In 1947 an initiative for a renewed liberalism was launched by the Mont Pelerin Society (MPS) (website http://www.montpelerin.org). The long-term goal of the intellectual association was "acceptance of liberalism as a dominant or even absolute principle of social organization," Friedrich August von Hayek said. That was the initiative for a "neoliberal modernization" and restructuring of society. The MPS is regarded as an "organizational expression of neoliberalism" and of the neoliberal International. [The American journalist Walter Lippmann invented the term neoliberalism in the 1930s to describe all those liberal economists, sociologists and lawyers who tried to draw lessons from the failure of liberalism in the first third of the 20th century and the advance of socialism and fascism... Ludwig Erhard, the first German minister of economics often described as the "father of the social market economy," was an MPS member.] Even if there were serious full-blown controversies between "ultra-liberals" and moderate liberals in this circle (particularly in the first years), the core idea of economic liberalism unites all MPS members: the absolute superiority of the free market. In his opening address, the later economic Nobel Prize winner Friedrich A. von Hayek outlined a long-term program. The programmatic goals should be realized by intellectual works (establishing think tanks, lobby work) and influencing politics. Hayek estimated two to three generations for the process of converting neoliberal ideas into practice since "the characteristic climate of opinion" or the dominant world view will have changed. MPS founding member Milton Friedman also changed this long-term perspective. The founding members obviously knew the desired changes would meet a massive social headwind and therefore can only be reached through a long-term change of effective ideas (and paradigms in the sense of Thomas S. Kuhn), the social-economic infrastructure and the creation of practical constraints as urged by Herbert Giersch, "dean of the German national economy" and former MPS president:

"Resistance against the sleekness of the state on the spending side comes from the bureaucracy and transfer recipients. Therefore the thinning must start on the tax side: tax cuts ensure empty treasuries."
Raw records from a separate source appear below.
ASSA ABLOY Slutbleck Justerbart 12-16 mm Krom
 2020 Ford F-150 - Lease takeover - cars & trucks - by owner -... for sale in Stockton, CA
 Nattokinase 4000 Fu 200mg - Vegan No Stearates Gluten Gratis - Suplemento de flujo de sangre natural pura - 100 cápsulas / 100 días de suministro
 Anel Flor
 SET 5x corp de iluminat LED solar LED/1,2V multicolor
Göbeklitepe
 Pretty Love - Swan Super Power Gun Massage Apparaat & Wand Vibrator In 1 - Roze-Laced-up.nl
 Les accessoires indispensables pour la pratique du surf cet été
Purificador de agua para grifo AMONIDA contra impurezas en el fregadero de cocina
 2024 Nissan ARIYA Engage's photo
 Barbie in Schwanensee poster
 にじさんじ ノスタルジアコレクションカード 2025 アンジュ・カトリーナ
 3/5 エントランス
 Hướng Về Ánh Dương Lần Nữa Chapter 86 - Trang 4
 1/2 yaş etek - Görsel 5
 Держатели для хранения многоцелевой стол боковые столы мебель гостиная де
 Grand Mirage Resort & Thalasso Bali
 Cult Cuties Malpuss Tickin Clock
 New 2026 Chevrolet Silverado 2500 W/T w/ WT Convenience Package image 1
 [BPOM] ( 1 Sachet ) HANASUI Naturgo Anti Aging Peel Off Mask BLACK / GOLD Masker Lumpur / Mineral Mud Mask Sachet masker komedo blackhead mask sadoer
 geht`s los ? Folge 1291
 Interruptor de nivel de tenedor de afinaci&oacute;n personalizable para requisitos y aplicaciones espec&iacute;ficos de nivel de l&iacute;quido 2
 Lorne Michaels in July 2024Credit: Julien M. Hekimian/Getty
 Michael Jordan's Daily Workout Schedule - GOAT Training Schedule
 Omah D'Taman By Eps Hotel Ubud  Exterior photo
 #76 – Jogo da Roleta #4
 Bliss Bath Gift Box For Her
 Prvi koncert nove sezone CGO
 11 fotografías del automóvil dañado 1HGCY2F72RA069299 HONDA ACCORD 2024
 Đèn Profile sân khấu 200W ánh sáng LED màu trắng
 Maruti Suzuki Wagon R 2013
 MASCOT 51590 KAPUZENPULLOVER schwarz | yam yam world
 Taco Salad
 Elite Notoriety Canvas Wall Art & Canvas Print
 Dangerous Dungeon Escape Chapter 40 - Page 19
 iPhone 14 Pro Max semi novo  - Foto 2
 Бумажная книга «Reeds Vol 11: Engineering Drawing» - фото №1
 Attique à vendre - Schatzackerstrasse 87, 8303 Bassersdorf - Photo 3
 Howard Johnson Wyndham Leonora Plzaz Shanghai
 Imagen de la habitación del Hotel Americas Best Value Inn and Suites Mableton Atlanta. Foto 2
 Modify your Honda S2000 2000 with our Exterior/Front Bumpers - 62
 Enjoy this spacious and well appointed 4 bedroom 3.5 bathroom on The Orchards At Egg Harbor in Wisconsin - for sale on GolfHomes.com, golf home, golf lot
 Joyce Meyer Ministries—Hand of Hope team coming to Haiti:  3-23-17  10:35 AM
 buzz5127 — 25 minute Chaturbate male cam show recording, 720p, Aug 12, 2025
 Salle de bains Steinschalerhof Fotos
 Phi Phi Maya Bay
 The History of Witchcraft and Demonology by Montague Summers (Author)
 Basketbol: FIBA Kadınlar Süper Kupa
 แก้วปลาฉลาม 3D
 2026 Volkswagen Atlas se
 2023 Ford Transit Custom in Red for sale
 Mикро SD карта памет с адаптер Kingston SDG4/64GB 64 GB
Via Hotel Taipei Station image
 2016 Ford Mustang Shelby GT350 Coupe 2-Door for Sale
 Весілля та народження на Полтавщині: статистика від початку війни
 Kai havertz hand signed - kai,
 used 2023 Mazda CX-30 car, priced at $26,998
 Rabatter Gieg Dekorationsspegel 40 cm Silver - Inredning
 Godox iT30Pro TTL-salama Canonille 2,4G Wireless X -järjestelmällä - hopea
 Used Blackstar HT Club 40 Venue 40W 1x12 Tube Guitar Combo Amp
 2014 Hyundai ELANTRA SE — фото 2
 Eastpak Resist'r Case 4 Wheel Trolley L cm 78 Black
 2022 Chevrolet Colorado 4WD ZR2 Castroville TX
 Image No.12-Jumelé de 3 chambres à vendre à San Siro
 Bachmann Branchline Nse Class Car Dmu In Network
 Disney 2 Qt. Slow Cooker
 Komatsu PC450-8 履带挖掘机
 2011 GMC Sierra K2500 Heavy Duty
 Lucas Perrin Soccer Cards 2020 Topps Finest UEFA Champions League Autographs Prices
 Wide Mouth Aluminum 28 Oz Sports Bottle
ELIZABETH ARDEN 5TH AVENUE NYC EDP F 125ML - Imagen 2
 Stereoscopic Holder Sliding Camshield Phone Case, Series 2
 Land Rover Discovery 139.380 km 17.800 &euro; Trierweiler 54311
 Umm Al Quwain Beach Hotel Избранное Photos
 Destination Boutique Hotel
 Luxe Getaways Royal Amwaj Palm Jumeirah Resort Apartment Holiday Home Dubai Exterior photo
Neoliberal positions and theories were dominant for judging and arranging social-economic conditions in the western world in many so-called developing countries from the end of the 1970s ("neoclassical cou9nter-revolution," cf. Todaro 1997) "The praxis of awarding the Nobel Prize for Economics shows that neoliberalism since the middle of the 1970s has been the dominant economic doctrine. In 1974 Friedrich von Hayek, the most important representative of this school, was awarded this prize together with Gunnar Myrdal. Subsequently Keynesians, neoclassicists and neoliberals (including M. Friedman) alternated until this prize was only given to neoliberal economists in the 1990s. In 1998 Amartya Sen was the first "non-neoliberal" to win the prize for his poverty research.

"Anglo-Saxon capitalism gained its new dynamic driven by the capital markets thanks to the reforms of Ronald Reagan and Margaret Thatcher," (Piper 2003)...

In the week after its 1982 publication, the reigning German chancellor Helmut Schmidt described the Lambsdorff paper in his Bundestag declaration as "a turning away from the democratic social state in the sense of Art. 20 of our basic law ("Property obligates") and a turning to the elbow society."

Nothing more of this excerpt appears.